After presenting my Peer Review at Fabrica and showing mock ups and photocopies for the first time beyond the home front, my thinking is clearer. I answered some of my own questions. What am I trying to say? What is important to me? What fits the space? (- and if money was no object?) The group help me answer more….Why am I doing two bodies of work (when only one is clear in my head?) I have been working with layers in recent work, is it enough to have one? – and is a photocopy enough!? The day after the review I went back, to 1992, and my own limited edition. It’s all about narrative (my life before layers)
I have been sneaking in test drives in camera shops over half term and am on the verge of a Canon. With my head in dusty B&W photography I’m waiting to hear about when they are going to clear the flues at the Engineerium-not quite the same but…
‘Step into that cage which hangs over a yawning well away up at the Goldstone Waterworks;-permit yourself to be lowered into Plutonian darkness; and at the bottom of the well you shall have a new experience. You shall not plunge into the cold bath you expect:- for your sake, the mighty engines up overhead have pumped the wells dry, so that you may undergo the strange experience of taking some lengthy walks eighty feet or more under the surface of the Earth, and may witness some novel effects of illumination.’ The Brighton Herald May 28th 1904
The officially renamed All That Mighty Heart was launched on the general public at the Phoenix Brighton Open last weekend. Framed collages and a ‘research wall’ showed found material, images, drawings and extracts from the blog illustrating how the work is developing. After a week of illness at the printers the card stand, by the work, didn’t provide the contact details and email address to take away. Best laid plans. But they are done now and ready to start spreading the word!

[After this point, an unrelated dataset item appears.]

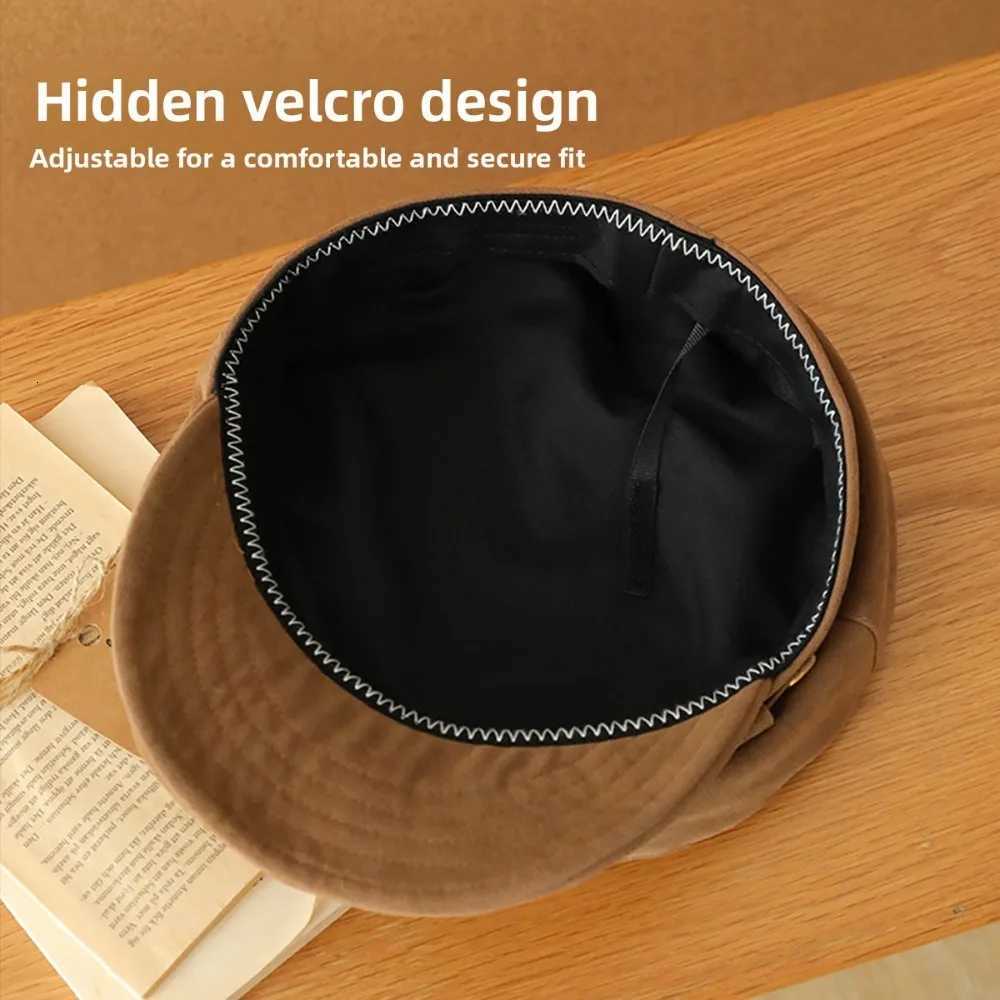 Retro Navy Style Suede Newsboy Cap Men Women Autumn Winter Casual Flat Top Painter Hat H260312 - view 4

It has been so long since I’ve let ideas freefall and hope they land in an innovative and reasoned manner. I’ve now made enough mind maps to cover a steam engine, but ideas do come together when you have time to let them. And contrary to belief…the lengthy bus rides to school are not bereft of suitable stimulus for drawing those map strands together. I walked the quiet lane to the Waterworks Cottages (early for the bus one day!) The silence allowed me to picture the workers in their caps and boots crunching along the flinty path. Back at the Engineerium the diggers have moved in to start the new work. The silence is coming to an end. I am glad of the last few months of visualising in the stillness.
Back in the studio, between school runs and hefty preparing for Phoenix Open, I have been experimenting with ageing paper, making it, with candles, tea and lemon juice and adding decades to my images. I’m still enjoying my Rotring (even more so since Peter informed me he uses his to outline the lettering on the side of his engines.) Acting instantly on ideas without worrying about the outcome is becoming a bit easier, again with the luxury of time after last week’s frantic timetable.